Several investigators have previously raised the issue of what constitutes a significant stenosis and how to determine the normal region of an artery from the abnormal regions given the potential of diffusely diseased vessels. Attempts to visualize the normal region by semi-automated Quantitative Coronary Arteriography (QCA) have been one of several approaches employed to try to reduce the error associated with interpretation of coronary arteriograms.
However, this semi-automated approach is still associated with the need for human intervention, calibration and estimations, including determination of the normal proximal region of the artery in question, the location of vessel walls, and determination of the most stenotic region as well as determination of appropriate biplane images when orthogonal views are used.
Previously, phantom images with known concentric diameter reductions have been used to examine the reliability of QCA systems and have demonstrated QCA accuracy to within 0.1 millimeter. There are currently no phantoms available with eccentric stenoses and curvatures such as those seen in human coronaries, and the expense of reproducing human coronary arteries from autopsies after previous coronary arteriograms without intervening changes provides not only an economic problem but possibly an ethical one.
For this reason, the clinical results from these 1040 coronary arteries, which the primary author has previously analyzed provides the data base against which quantitatively conclusions can be drawn with regard to SFR, % DS results and their associated standard deviations. From this, it was possible to provide data, proprietary equations, and a graphic record of the experience to date and its potential use by clinicians. The theoretical and clinical relationship of SFR to % DS as briefly revealed here shows a curvilinear function where no apparent effect upon stenosis flow reserve until there is at least a 35-40 percent reduction in coronary lumen diameter. This plateaus off at approximately 85-90 % DS. No lesions were quantitatively reported between the range of 91-100 % DS, leading one to suspect that stenoses in this range tend to totally occlude or were not detected on arteriography.

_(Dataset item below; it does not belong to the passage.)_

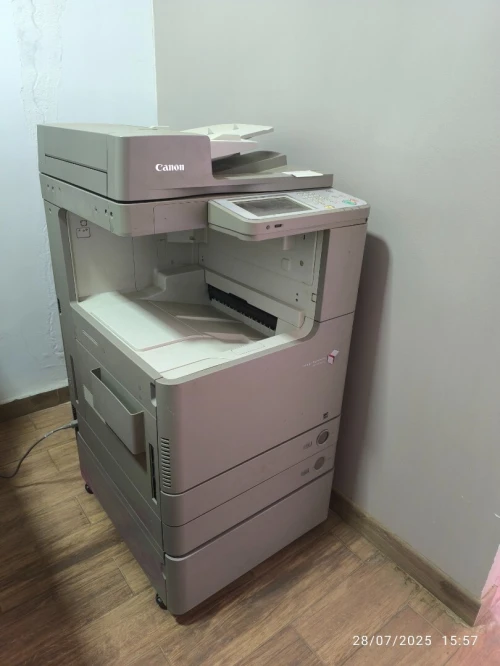 Canon C2220L
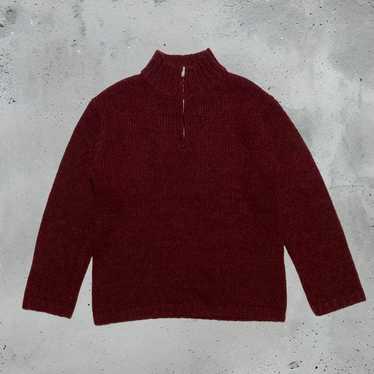 Uniqlo | vintage zip - Gem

These two variables can also be compared as average values obtained over the stenoses studied, with a strong (R = 0.98) linear correlation. This relationship allowed for the development of proprietary equations, which can be used to calculate stenosis flow reserve from percent diameter stenosis, and percent diameter stenosis from stenosis flow reserve, respectively as shown in figure 2.
The development and use of Figure one allows clinicians to estimate the stenosis flow reserve for a given lesion based upon % DS. However, the use of visual estimates of % DS cannot be improved by the simple use of Figure one and likewise, Figure one is only as useful as the accuracy of the method used to determine % DS. Based upon the results obtained by analyzing this SFR data and comparing it with the FMTVDM data, several points can be made. First, a coronary lumen narrowing alone, which has less than a 40 percent reduction in diameter stenosis due to the development of an underlying coronary artery inflammatory plaque [27-32], cannot be appreciably detected using arteriography or QCA analysis. These plaques can be detected using Intravascular Coronary Ultrasound (IVUS) once the clinician knows where to look for them. Such inflammatory plaques are extremely important clinically as they account for the majority of sudden cardiac death seen in individuals with no or few prior anginal symptoms. These plaques are measureable using FMTVDM to unmask the underlying inflammatory plaques and expose their effect upon CFR as detailed elsewhere [1-2,18-24] and provide the necessary information need by the interventional cardiologist.
Second, lesions with a greater than 40 percent reduction in diameter are associated with linearly decreasing SFR. Third, while lesions with a greater than 85 % DS have the widest variability in SFR, they all are associated with a SFR of < 1.0, revealing impaired coronary flow at rest and a further impaired ability to increase coronary blood flow when needed, thus representing significant and potentially life-threatening CAD.
The key to improved diagnostic and therapeutic CAD intervention is contingent upon accuracy. Accuracy is determined by the ability to measure and not qualitatively look for the presence or absence of disease. The human eye and brain is unable to define CAD at the level where coronary artery plaques are impairing coronary artery function. Furthermore, the reliability of qualitative imaging is associated with sensitivity and specificity errors already well established in the medical and lay literature; independent of whether we are talking about coronary arteriography or Myocardial Perfusion Imaging (MPI).
Quantification of coronary arteriography requires QCA and quantification of MPI requires FMTVDM. The development of proprietary equations (FMTVDM) provides the Artificial Intelligence (AI) language for these machines to learn from each other as shown in figure 5. The acquired information from QCA teaches FMTVDM and FMTVDM teaches QCA. The consequential refinement and ML that occurs will further enhance this quantification of CAD both for diagnostic purposes and for modification of treatment based upon measureable treatment outcomes. Systems, which do not directly measure [19-20,22-23,26] cannot provide true AI.

Figure 5: Development of true artificial intelligence through machine learning removing human error from qualitative interpretation of results.
The birth of true AI for diagnosing and treating coronary artery disease.
Through the use of the FMTVDM proprietary equations, QCA and FMTVDM can learn from each other without human intervention, marking the evolution to true AI.